The prompt, to write about a time when “things came this close to working out…but didn’t” immediately made me remember a night in New York City when I’d just returned from making a movie in Mexico. The time, December 1985, and the place a Christmas party at my agent’s offices.
I’ve never been particularly great at parties and in New York I’d perfected the art of wallflower, hugging the sides of the party, rarely speaking, watching. But at this Christmas party, it was impossible to go unnoticed. My agent at the time introduced me as Janet-who’s-just-come-back-from-making-a-movie-in-Mexico as if I were a trophy rather than a person.
I must say, the introduction created a stir and everyone wanted to talk to me, the “everyone” being mostly other actors. I don’t remember any directors or producers although there might have been. I was too overwhelmed with questions and comments and hosannas to catch any names.
Everyone wanted to know who were the stars, who wrote the script, who directed, who were the stars, who produced, who were the stars. No one asked about Mexico.
I’d fallen in love in those six short weeks – with the people, the land, the sky, mountains, kindness and generosity. One night, I was blessed by a Mexican healer who was also my hairdresser, a curendera (who would later, after I moved to Mexico, become my mentor), and another day after I’d finished shooting, I’d driven into the countryside by myself and met extraordinary and ordinary Mexicans who all opened their arms and homes.
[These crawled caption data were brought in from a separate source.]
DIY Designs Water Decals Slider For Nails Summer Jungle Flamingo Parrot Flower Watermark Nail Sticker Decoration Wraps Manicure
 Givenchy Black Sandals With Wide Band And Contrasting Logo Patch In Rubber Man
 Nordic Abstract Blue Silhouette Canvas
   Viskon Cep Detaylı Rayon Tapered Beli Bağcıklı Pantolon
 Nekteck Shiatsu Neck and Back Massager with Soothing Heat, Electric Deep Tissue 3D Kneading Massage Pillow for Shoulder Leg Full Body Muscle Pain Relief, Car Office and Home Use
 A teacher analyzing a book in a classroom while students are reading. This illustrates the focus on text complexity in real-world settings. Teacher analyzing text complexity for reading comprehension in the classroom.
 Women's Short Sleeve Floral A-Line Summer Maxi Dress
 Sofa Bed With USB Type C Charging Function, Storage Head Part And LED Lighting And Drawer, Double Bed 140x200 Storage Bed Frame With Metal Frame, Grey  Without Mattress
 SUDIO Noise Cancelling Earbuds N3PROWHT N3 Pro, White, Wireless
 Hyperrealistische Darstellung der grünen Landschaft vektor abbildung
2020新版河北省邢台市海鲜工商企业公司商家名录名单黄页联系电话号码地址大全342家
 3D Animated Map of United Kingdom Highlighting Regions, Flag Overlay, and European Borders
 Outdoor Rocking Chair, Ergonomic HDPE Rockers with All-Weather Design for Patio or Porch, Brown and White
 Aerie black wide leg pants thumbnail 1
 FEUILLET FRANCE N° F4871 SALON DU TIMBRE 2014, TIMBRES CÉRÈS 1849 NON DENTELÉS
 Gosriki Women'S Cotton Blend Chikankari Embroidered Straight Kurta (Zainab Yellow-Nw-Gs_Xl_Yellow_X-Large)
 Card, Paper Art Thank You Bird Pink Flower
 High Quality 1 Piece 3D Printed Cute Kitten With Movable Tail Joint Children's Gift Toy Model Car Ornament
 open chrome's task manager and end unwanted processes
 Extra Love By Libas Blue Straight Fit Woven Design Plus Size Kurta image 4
But at the party, no one asked about Mexico. And I felt pinned to the wall by their questions. I was on the brink of whatever measure success meant, and I hated every minute of it.
Over the next year, I kept returning to my friends in Mexico City whenever I could and finally, after one two-month stay escaping the bitterness of New York winters, I simply stayed. I didn’t go back. And I lived in Mexico for three years.
I stayed because I convinced myself there was film work I could do in Mexico through friends and contacts. And I did do more work. Many U.S. productions came to Mexico to shoot because it was cheaper and sometimes I worked as an actress and sometimes as a crew member. But I never went back to New York to live.
When I finally left Mexico, I moved to Washington D.C., essentially ending a serious film career although I have done film work since then in bits and pieces.
The second part of the Daily Prompt question was “Would you like the chance to try again, or are you happy with how things eventually worked out?”
Would I go back and redo the choice? No. Although each year when the Oscar season comes up, I feel a ping. I do like to visit New York and would even enjoy a summer-long stay; would I go back and redo the choice to return to the States from Mexico? No. But I’d go back to visit or live a few months in Mexico. Am I happy with how things worked out? Absolutely.
Fate and free will are interesting concepts, both in the thinking and in the living. I’ve thought about this often in my life of journeying and changing and layering careers. Which part is fate and which free will?
If I’d stayed in New York or even Mexico, I wouldn’t have married Cliff and I’m happier now, in our 1924-built Waldo home and with Cliff than I’d ever be just making movies, even in Mexico. Now, if I don’t feel like talking at a party, I smile while Cliff stands beside me, holds my hand, and carries on the conversation.